No final do ano de 2016 organizaram uma reunião aberta com todas as pessoas que tinham mostrado interesse em criar uma AlternAtiva na sua faculdade: “nessa reunião explicámos o processo. Foi um bocadinho de partilha de experiências, mas tendo em conta que todas as faculdades são diferentes não há uma cronologia certa de fazer as coisas”.

A Faculdade de Veterinária (AlternAtiva FMV) foi também pioneira (organizou em Setembro de 2016 uma semana de actividades), seguindo-se em 2017 a Faculdade de Letras (AlternAtiva FLUL) e a Nova de Medicina (AlternAtiva FCM). Cada faculdade é responsável por fazer as actividades nas suas próprias faculdades, usufruindo do seu próprio espaço. “Há uma questão de espaço e de personalidade que resulta melhor em cada faculdade.”
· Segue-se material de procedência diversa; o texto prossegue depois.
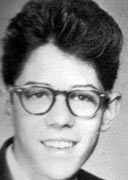 2LT HAROLD J CLIFFORD 2LT HAROLD J CLIFFORD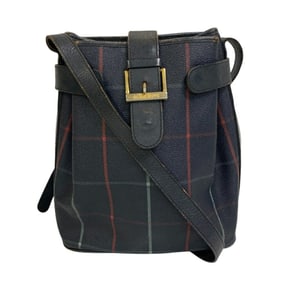 Burberrys Women's Navy Handbag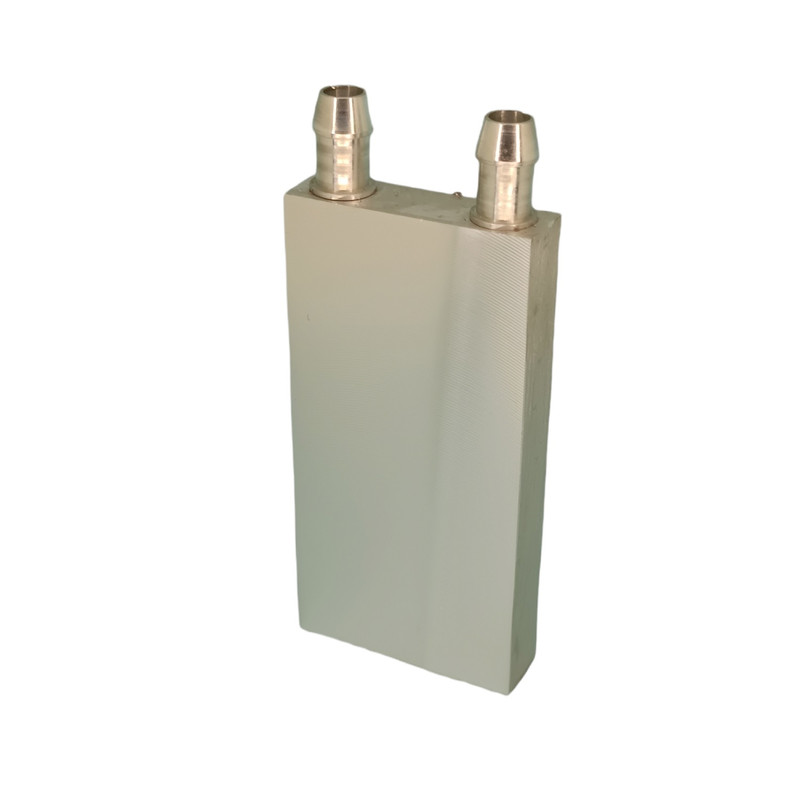 بلوک خنک کننده مدل LK 40-80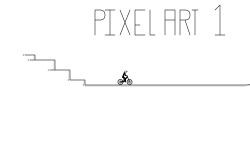 Pixel Art #1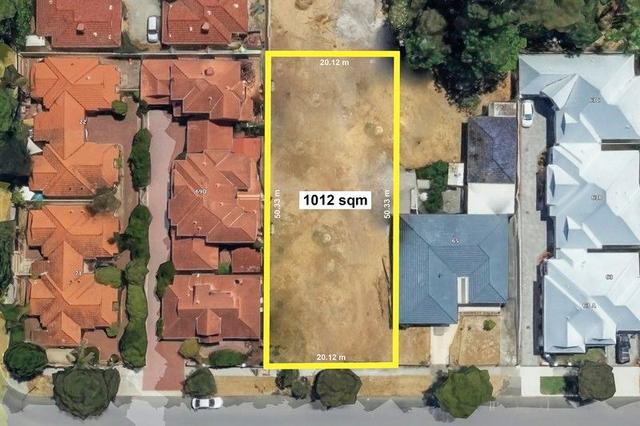 67 Geddes Street, WA 6100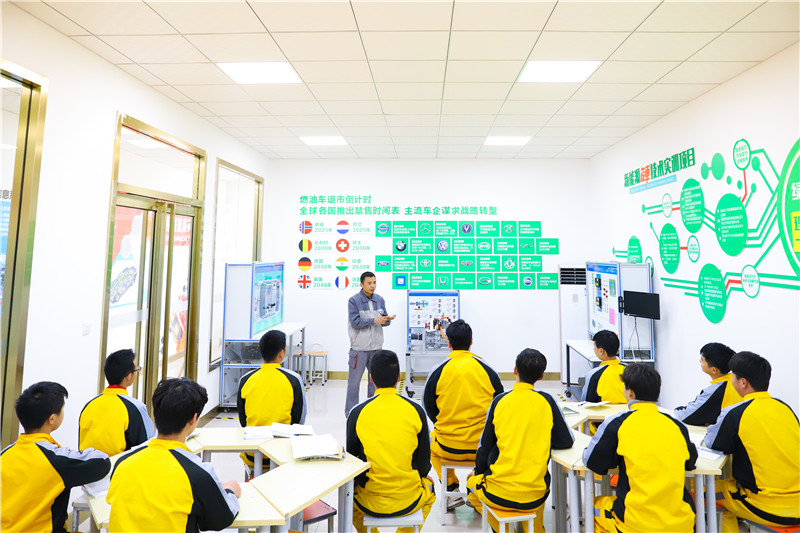 理實(shí)一體化教學(xué)及設(shè)備4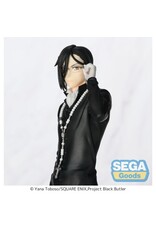 Sebastian Michaelis Luminasta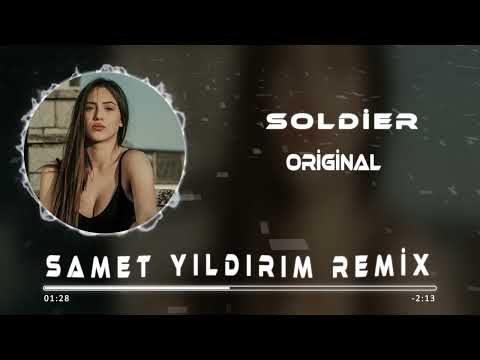 Samet Yıldırım - Soldier ( Original )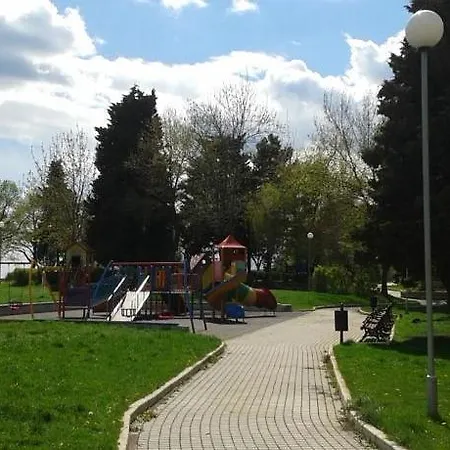 Appartement Sea View &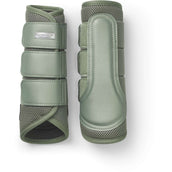 Equestrian Stockholm Parastinchi Classic Mesh Pistachio White Equestrian Stockholm Parastinchi Classic Mesh Pistachio White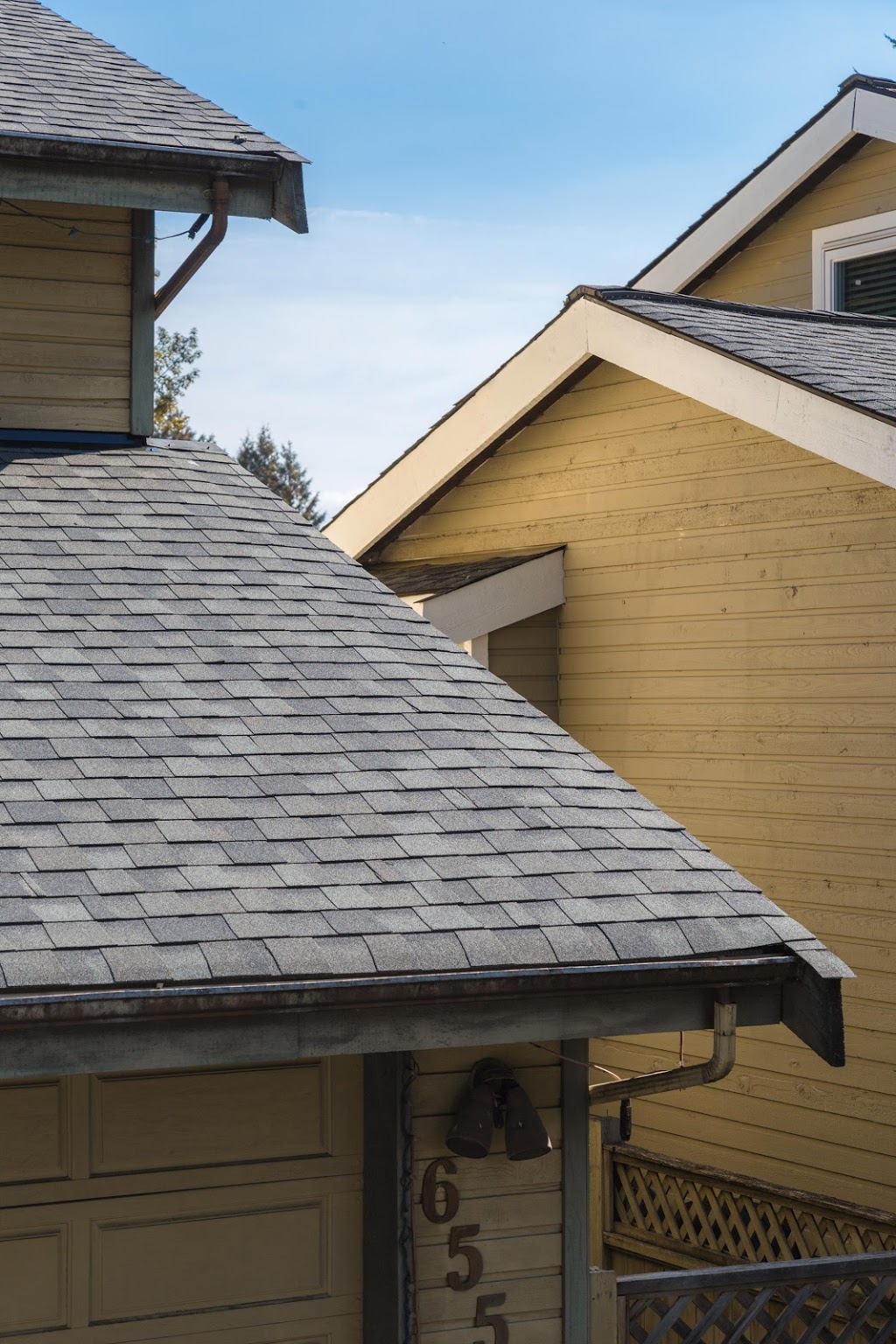 Blanchard Roofing | 420 E 3rd St, North Vancouver, BC V7L 1G2, Canada | Phone: (778) 917-7663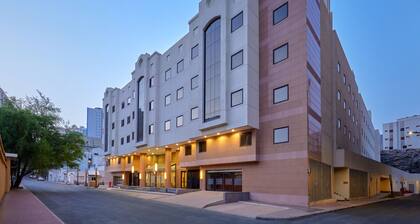 Makarem Mina Hotel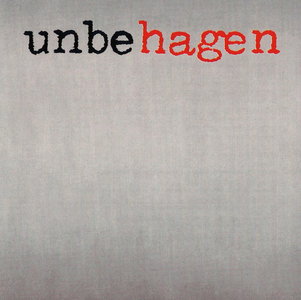 Nina Hagen Band - Unbehagen (1979) {Columbia}
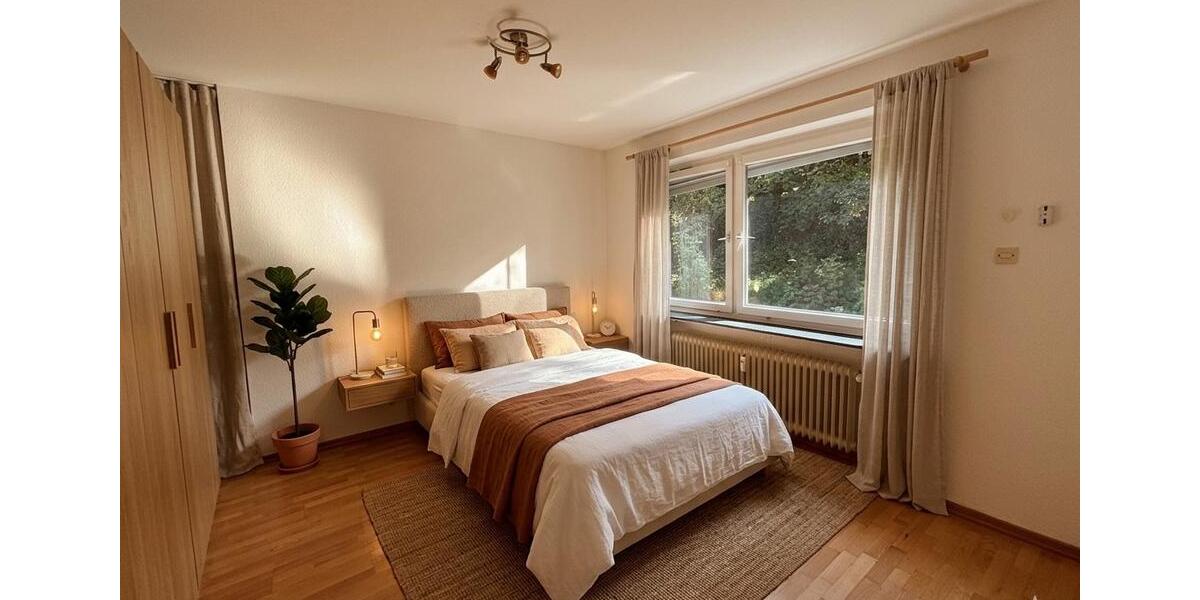 Etagenwohnung Hann. Münden - 2 Zimmer, 75 m&sup2;, 650&euro; | Angebot:26382313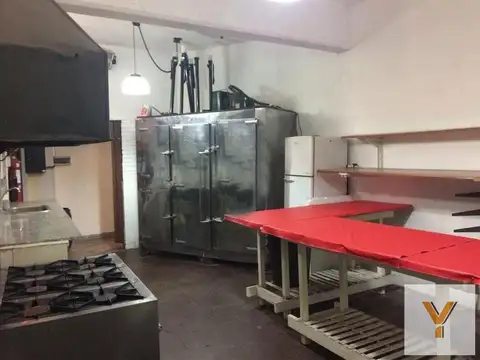 Local en Venta 20 años
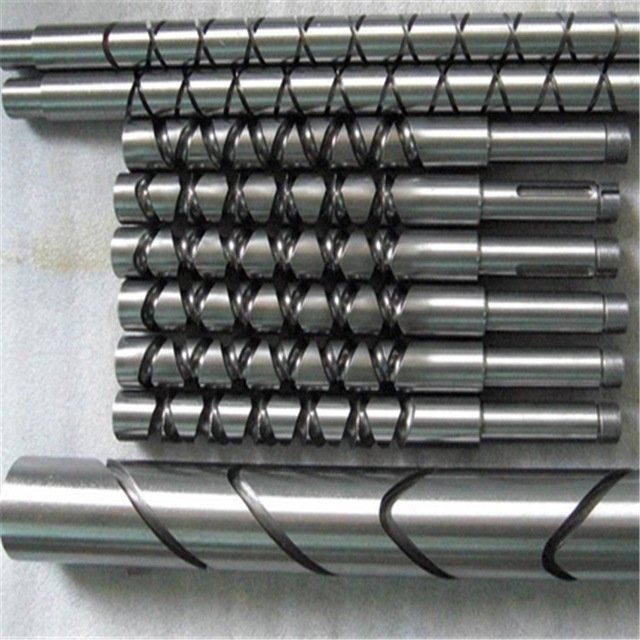 往复丝杆纺织机绕线丝杆 直径30 40 50来回轴 定做月牙滑块螺母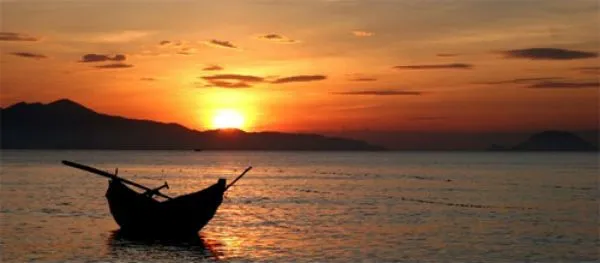 Thơ tình Thuyền và Biển của Xuân Quỳnh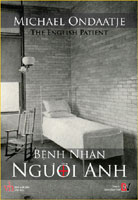 Tiểu thuyết "Bệnh nhân người Anh" đã có mặt tại Việt Nam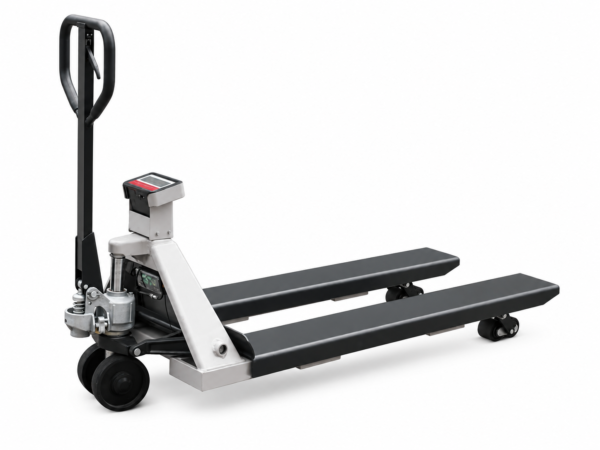 5T Pallet Truck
Apesar de serem independentes entre si, partilham a missão de serem uma forma alternativa de integração e adoptam os mesmos princípios gerais: “utilizar linguagem inclusiva, não ter nenhum comportamento racista, homofóbico e xenófobo”. Há uma tentativa de promover um elo de diálogo entre elas, através de actividades em conjunto. Exemplo disso, foi o jantar que organizaram no dia 15 de Dezembro, seguido de uma pequena festa no Disgraça, que juntou membros de todas as AlternAtivas.

Papel cívico

Tendo em conta o papel que as faculdades têm na formação dos futuros cidadãos, a Maria reconhece que este movimento assume um papel cívico importante: “A AlternAtiva não é de todo uma coisa acidental e pretende criar um pensamento crítico.” A génese da AlternAtiva é o próprio questionamento/pensamento crítico. “Era um grupo de pessoas que não se identificava com a praxe e que decidiu fazer uma outra coisa que não tivesse a ver com isso.”

No entanto, não pretendem ter um papel educativo: “O objectivo não é de todo educar, porque nem há pessoas para educar outras, é somente criar o espaço onde o debate é mais do que aceitável.” “Acho que a AlternAtiva tem um papel muito importante na faculdade, nem que seja para juntar pessoas que têm um pensamento parecido.”

Objectivos para o futuro

Um dos aspectos que pretendem melhorar é a adesão de mais alunos do 1º ano. Apesar desta ter sido relativamente baixa, não desmotivam: “seja uma pessoa, não interessa. Pelo menos é uma pessoa que teve uma oportunidade de fazer uma coisa diferente quando entrou para a faculdade”. “Mesmo que não tenha um impacto dirceto nas pessoas de 1º ano, tem um impacto directo nas pessoas dos outros anos.”

Por um lado, sabem que é fundamental chegar a mais pessoas no contexto universitário, mas também de apostarem nos alunos do 12º ano, “que vão para a faculdade e que sabem perfeitamente o que é a praxe, mas não sabem que existe outras formas”. Para isso, pretendem arranjar ferramentas que melhorem a comunicação direccionada para as escolas. “O nosso objectivo é que a integração dos alunos não seja o monopólio da praxe. Gostávamos que a longo prazo essa mentalidade fosse algo natural: não há só a praxe, há outras coisas. Há outras coisas que eu posso fazer.”

Por que não experimentares as actividades da AlternAtiva ou iniciares este movimento na tua faculdade? O convite está lançado! “A AlternAtiva vive de pessoas que queiram alimentá-la” e tu podes vir a ser uma delas.